We take refuge in our own local, individual sanghas. These are viharas where we meet noble friends, like-minded individuals on the path with us. We hear the teachings of the Buddha as many times as we need to hear them. We receive instruction and assistance in applying them to our own lives, our own practices. These are places to practice together, to support one another, to engage in noble conversation.
We take refuge in this large Buddhist community in the greater Colorado Springs area. Even within our different traditions, are the essential Buddhist teachings that bind us together and nourish and support us. And personally, I find a sense of refuge in knowing that, world-wide, at any given moment there are Buddhists practicing daily.
We are not alone in this endeavor. We have these communities to help us to understand, to live, and to fully awaken to what the Buddha taught and offered. He said, “I teach one thing, and one thing only. Suffering and the end of suffering.”

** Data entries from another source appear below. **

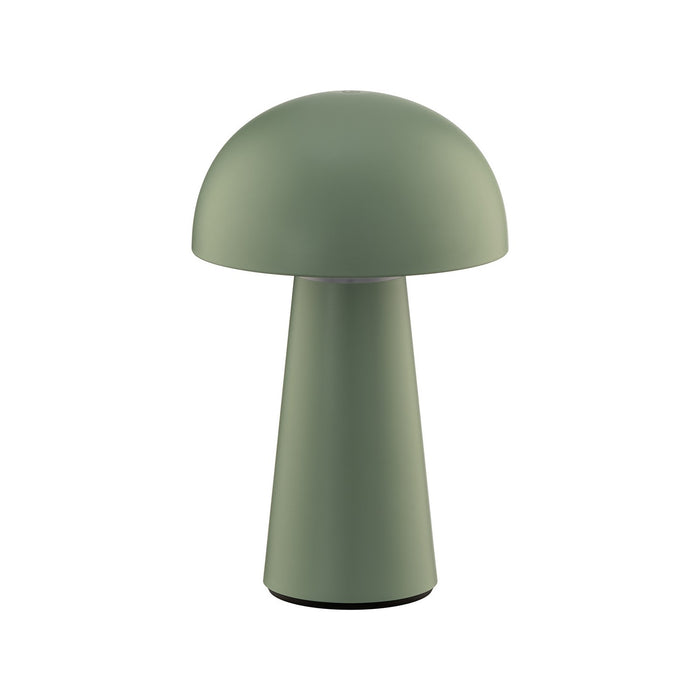 W.A.C. Lighting - TL-W251209-CS-GR - LED Table Lamp - Darla - Green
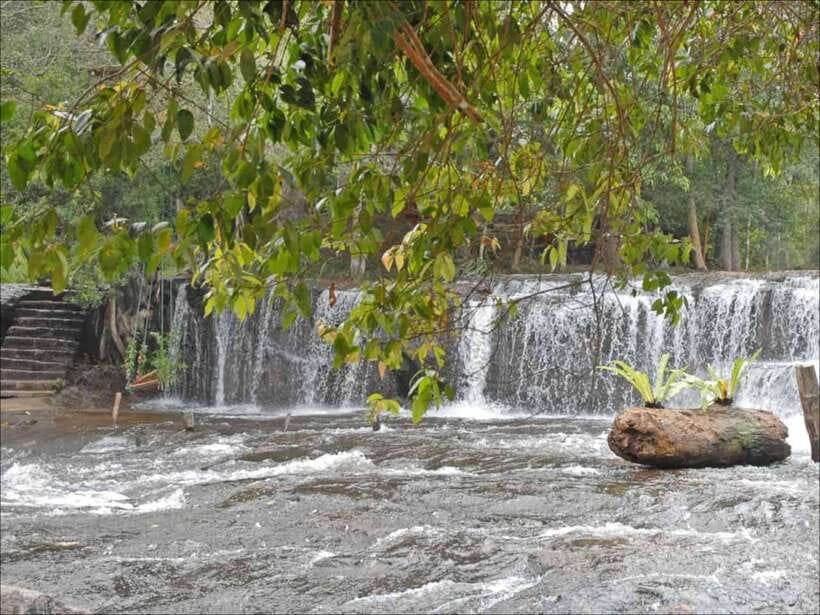 Kulen Mountain Waterfall Tour - Key things to know before you go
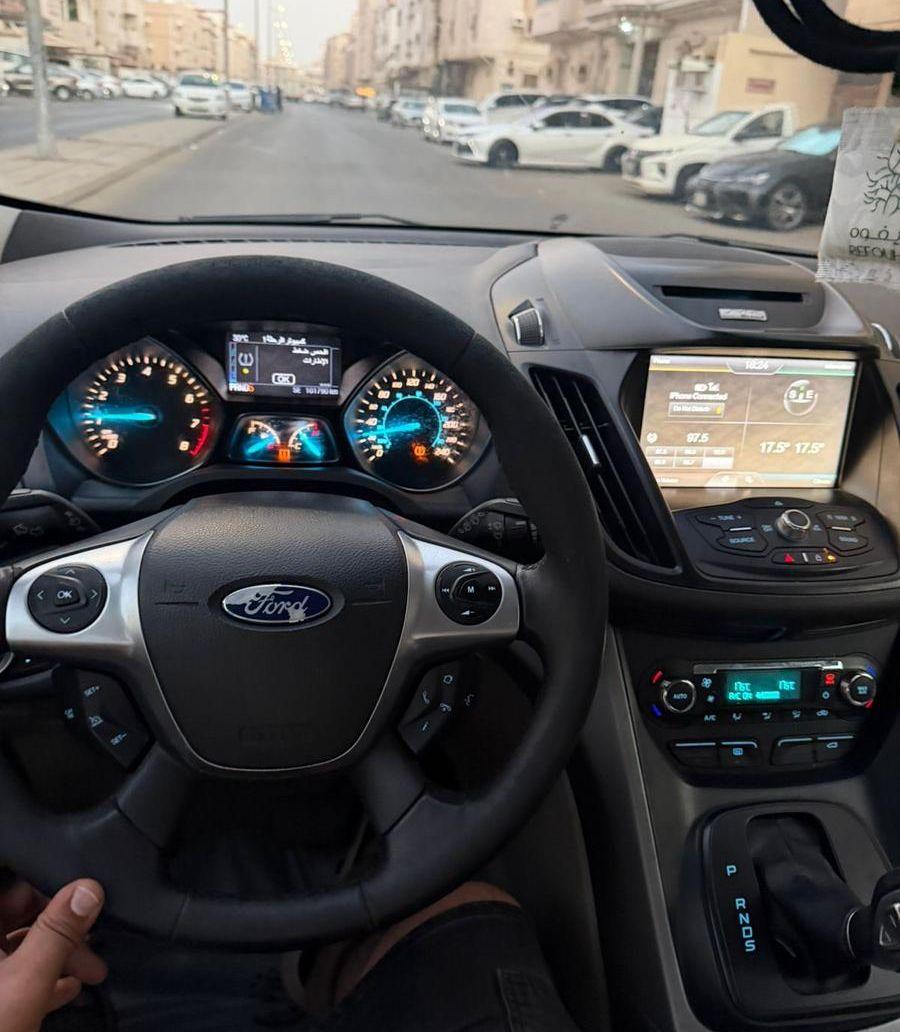 فورد إسكيب 2014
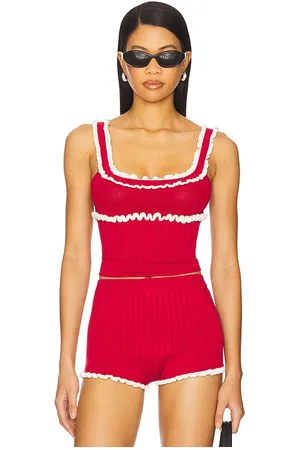 MAJORELLE Brielle Tank in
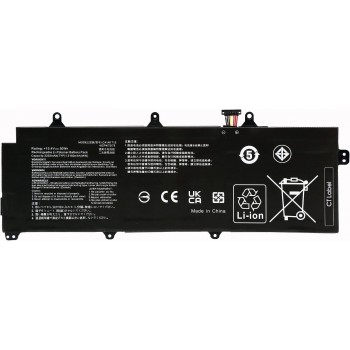 BATERIA ASUS GX501G ROG ZEPHYRUS GX501G SERIES | C41N1712 | 15.2V · 3000MAH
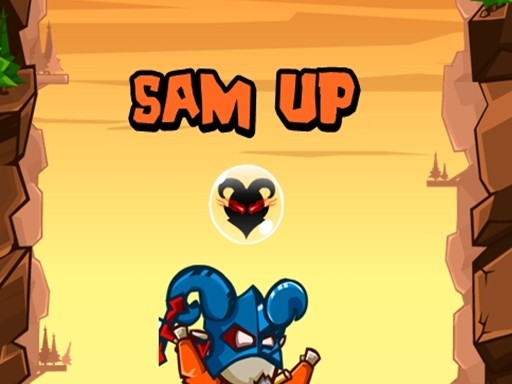 Games like SamUp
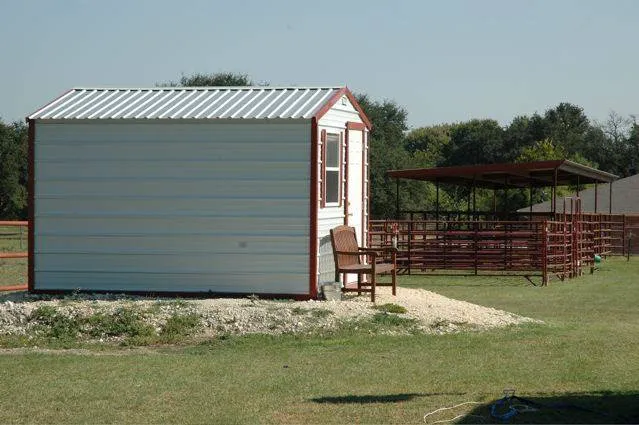 Hoof Prints Ranch 2
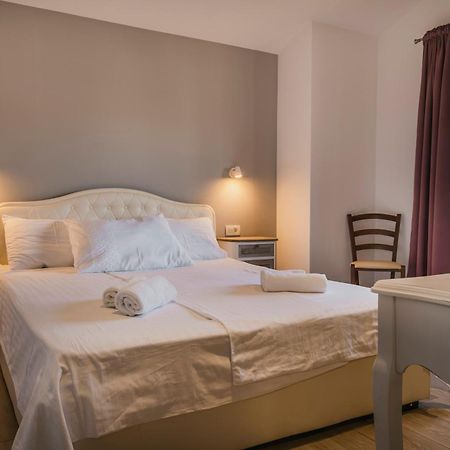 Rooms With Breakfast Near Porec Nova Vas  Eksteriør bilde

We at Rocky Mountain Insight take the Refuges and Precepts each month, on the meeting nearest the full moon. This is in keeping with the Asian tradition and keeps us connected to both the historical sangha and the worldwide sangha. But it actually can be helpful to take the refuges daily, like Ted does. Doing so keeps before us the sense of refuge as shelter and support for ourselves. It keeps us on the Path of eradicating the unwholesome roots, the poisons. Ultimately, taking refuge helps lead us to Wisdom and uncovering what is already present, Buddha nature within ourselves and in all that is.